* _Exercise_
Print only the lines from the one with "joguinho do subway" through the end of the data, exactly, and please omit pictures.
START Exercise materials
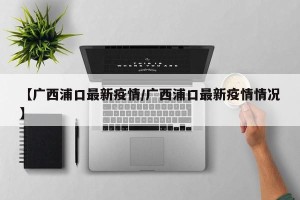 【广西浦口最新疫情/广西浦口最新疫情情况】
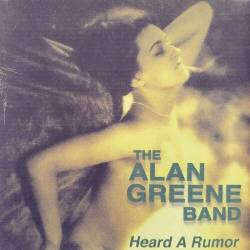 The Alan Greene Band - Heard A Rumor (2022) FLAC - Blues Rock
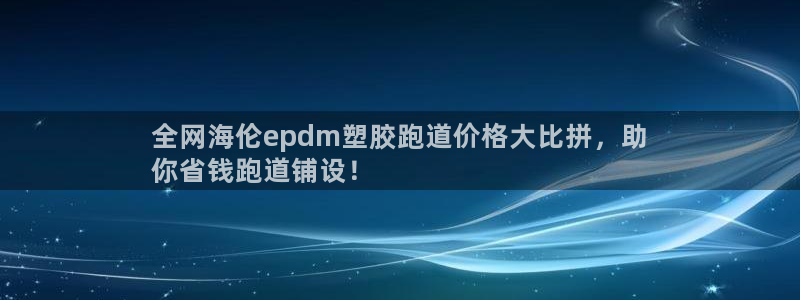 尊龙人生就是博官方官网：全网海伦epdm塑胶跑道价格大比拼，助
你省钱跑道铺设！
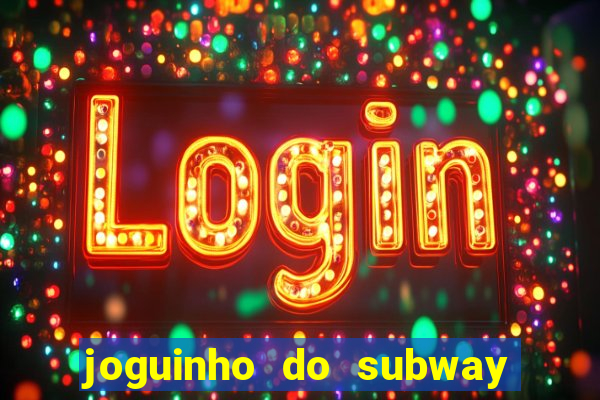 joguinho do subway surf que ganha dinheiro de verdade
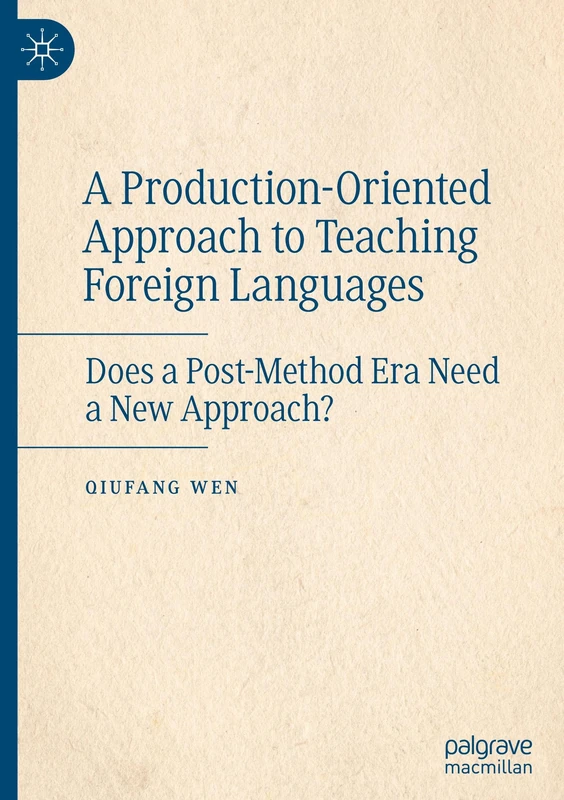 A Production-Oriented Approach to Teaching Foreign Languages: Does a Post-Method Era Need a New Approach?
END Exercise materials
* _Exercise result_
 joguinho do subway surf que ganha dinheiro de verdade
 A Production-Oriented Approach to Teaching Foreign Languages: Does a Post-Method Era Need a New Approach?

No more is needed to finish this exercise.